Remember Ohio? It was the swing state that gave George W Bush his
narrow victory in last year’s presidential election. Now it’s been the
scene of a fresh electoral test for the administration, and they won’t
be happy with the result.
In a by-election for Ohio’s second congressional district held this
week, the Democrats scored a swing of 20%, almost winning what had been
a very safe Republican seat.
Last year the six-term Republican incumbent was re-elected with 71.8%
of the vote, but he resigned recently to take up a post of US trade
representative. His successor, Jean Schmidt, scraped in with 51.6%
against her Democrat challenger, Paul Hackett, an Iraqi war veteran who
campaigned hard against Bush’s war policy.
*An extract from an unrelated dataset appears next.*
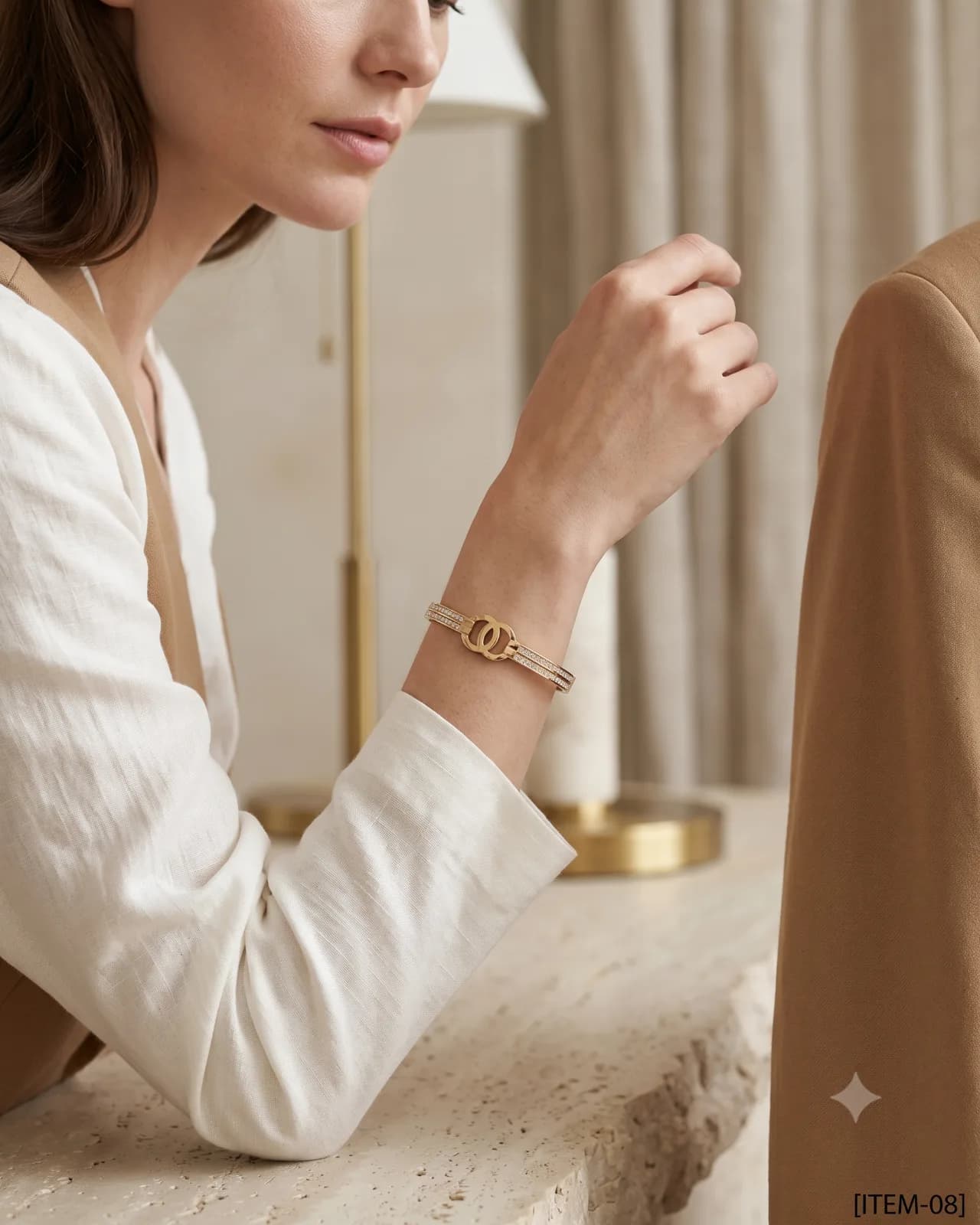 Aurelle Interlocked Bangle resting on a smooth, luxurious ivory silk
It looks as if anti-war
sentiment might finally be starting to bite.
But there are two reasons why this is not quite such good news for the
Democrats as it might seem. First, the turnout was way down – less than
40% of last year’s figure – which makes it risky to draw any general
lessons. Second, the power of incumbents in the American system is so
great that it’s not that unusual to get big swings when one of them
finally retires. Even so, Bush scored 64% in the presidential vote in
the second district last year, and since the Democrats only need a
uniform swing of 1.3% to win Ohio – and therefore the presidency –
they’re entitled to be pleased with this week’s result.